In the quiet hours of dawn, when most of Lebanon still sleeps, Husein Ali Zorkot is already awake — sketching, cataloging, and writing about the creatures that inhabit its mountains, valleys, and coasts. For over two decades, Zorkot has been building a monumental archive of Lebanon’s biodiversity through scientific art and field research. His October 2025 report marks another milestone in that long, tireless journey.
Between September 24 and October 24, Husein worked full time on the Pictorial Guide for the Animals of Lebanon, a comprehensive visual encyclopedia that now covers 170 species of mammals, reptiles, and amphibians. The work combines precise scientific detail with artistic sensitivity, making it both a research reference and an accessible window into Lebanon’s natural heritage. Alongside this, he has begun developing companion volumes on coastal and aquatic plants, forming part of a larger goal to produce a 24-volume collection covering nearly 2,900 species of Lebanese and Middle Eastern flora and fauna.

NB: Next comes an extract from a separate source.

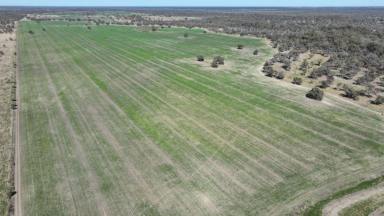 Other (Rural) Auction - NSW - Collarenebri - 2833 - Rosewood, Collarenebri  (Image 2)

From Field to Illustration: A Living Record of Lebanon’s Nature
Zorkot’s method is immersive. He moves between biomonitoring sites, Hima gardens, and coastal habitats, documenting every detail of the ecosystems he studies. During this period, he oversaw the butterfly and botanical gardens in Mount Lebanon and the West Bekaa, ensuring that each site continues to function as both a refuge for species and an educational space for visitors. His fieldwork blends hiking, photography, and illustration — a seamless integration of science and art.
Each photograph informs an illustration; each illustration reinforces the scientific record. The Pictorial Animals volume he’s now finalizing builds upon years of observation and collaboration, integrating credited photographs, original artwork, and updated ecological data. When published, it will stand not only as a scientific achievement but also as a cultural one — a reminder that Lebanon’s wildlife still thrives, often against daunting odds.
The Vision: 24 Volumes of Life
The scope of Husein’s project is vast. He envisions 24 pictorial volumes dedicated to Lebanon’s biodiversity: from mountain flora to desert insects, from forest mammals to marine life. Four volumes have already been published; two others — Animals of Lebanon and Coastal Plants — are nearing completion. Together, they represent one of the most ambitious natural history endeavors in the region’s modern history.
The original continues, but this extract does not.